Responsabilidade pelo nosso judaísmo

Uma discussão entre Shamai e Hilel sobre a sequência do kidush aparece no Talmud. Segundo Shamai, deveríamos primeiro abençoar os dias sagrados para, então, abençoar o vinho. Hilel, ao contrário, acreditava que a bênção do vinho deveria ser dita primeiro, para então ser realizada a brachá sobre os diferentes feriados. 

Hilel venceu e hoje todos nós realizamos a bênção do vinho em primeiro lugar e somente depois fazemos a brachá de qualquer dia especial. Penso que a discussão entre os dois sábios não é meramente técnica. Em minha opinião, Shamai e Hilel estão trazendo uma polêmica teológica bastante profunda e relevante. 

Quando Shamai defende que devemos primeiro santificar o dia, ele quer dizer que o feriado acontece de forma automática. Ou seja, mesmo que não façamos nada, mesmo que nem mesmo lembremos de sua existência, Shavuót, que começa na próxima quinta-feira, dia 28 de maio, por exemplo, aconteceria mesmo que não nos lembrássemos da data. Já Hilel, possui uma opinião diametralmente oposta. Para esse sábio, o homem traz o feriado. Apenas se o ser-humano se lembra do Pêssach, existirá Pêssach, somente quando nós nos recordamos do Shabat, então o Shabat passa a existir. Por esse motivo, primeiro fazemos a bênção do vinho, a atitude humana é que faz o dia se tornar sagrado. 

No final da discussão, o Talmud diz que Hilel venceu a disputa. O próprio Talmud questiona se seria necessário dizer que Hilel venceu, uma vez que uma voz teria surgido do céu dizendo que todas as disputas entre Shamai e Hilel foram vencidas por Hilel.

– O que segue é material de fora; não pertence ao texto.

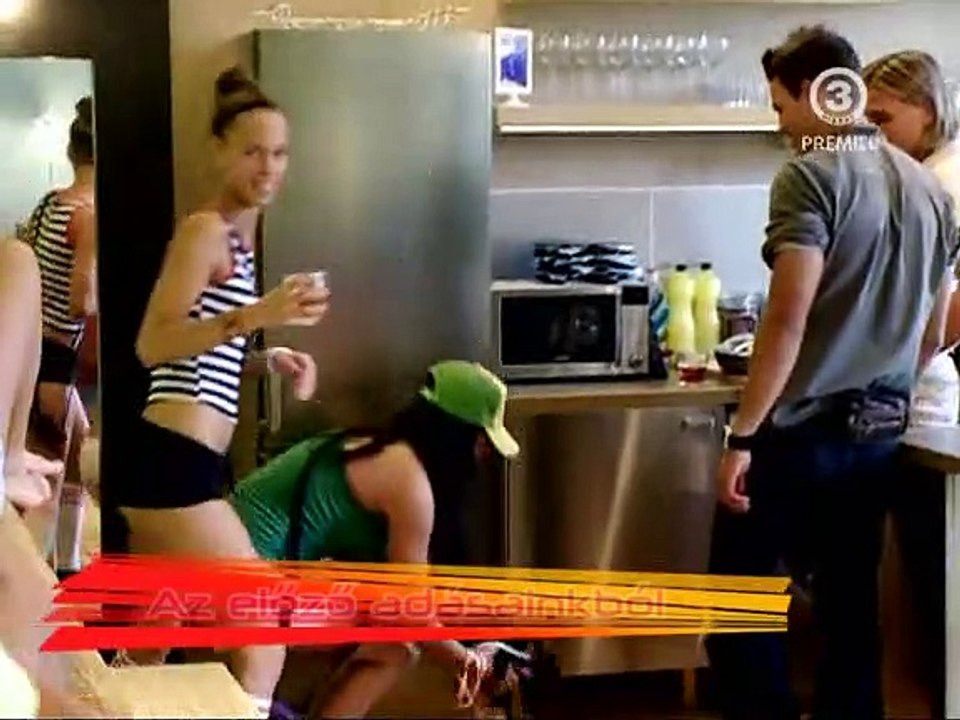 Aranypart - 1.évad 4.rész / Teljes rész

Mesmo assim, o Talmud decide enfatizar que a disputa foi vencida por Hilel para aqueles que não se convencem pelas vozes vindas do céu. Para as mulheres e homens que acreditam que a Torá foi dada para que o ser humano resolva com bom senso e equilíbrio suas próprias disputas sem aguardar uma solução milagrosa, faz-se necessário enfatizar que essa disputa foi vencida por Hilel. Mais uma vez, identificamos uma tensão entre aquilo que vem pronto do céu e a religiosidade construída com iniciativa e dedicação humanas. 

Nesta semana, iniciamos a leitura de Bamidbar, o quarto e penúltimo livro da Torá. O centro religioso dos Israelitas deixa de ser o Sinai e passa a ser o Mishcán, um santuário móvel. O Sinai representa o local escolhido por Deus para entregar os mandamentos, uma religiosidade que parte do Criador e chega pronta e formatada às mãos de sua criatura. O Mishcán, por sua vez, era o santuário que nós montávamos e desmontávamos todos os dias. Uma religiosidade absolutamente dependente de iniciativa humana.

Que possamos assumir responsabilidade sobre nosso judaísmo. Que possamos montar o nosso santuário todos os dias. Que possamos abençoar o vinho sabendo que existirá tradição somente se nós formos capazes de dedicar tempo, espaço, recursos e energia para isso. Que possamos assumir o futuro e, principalmente, o presente do judaísmo em nossas mãos sem esperar pelas vozes vindas do céu.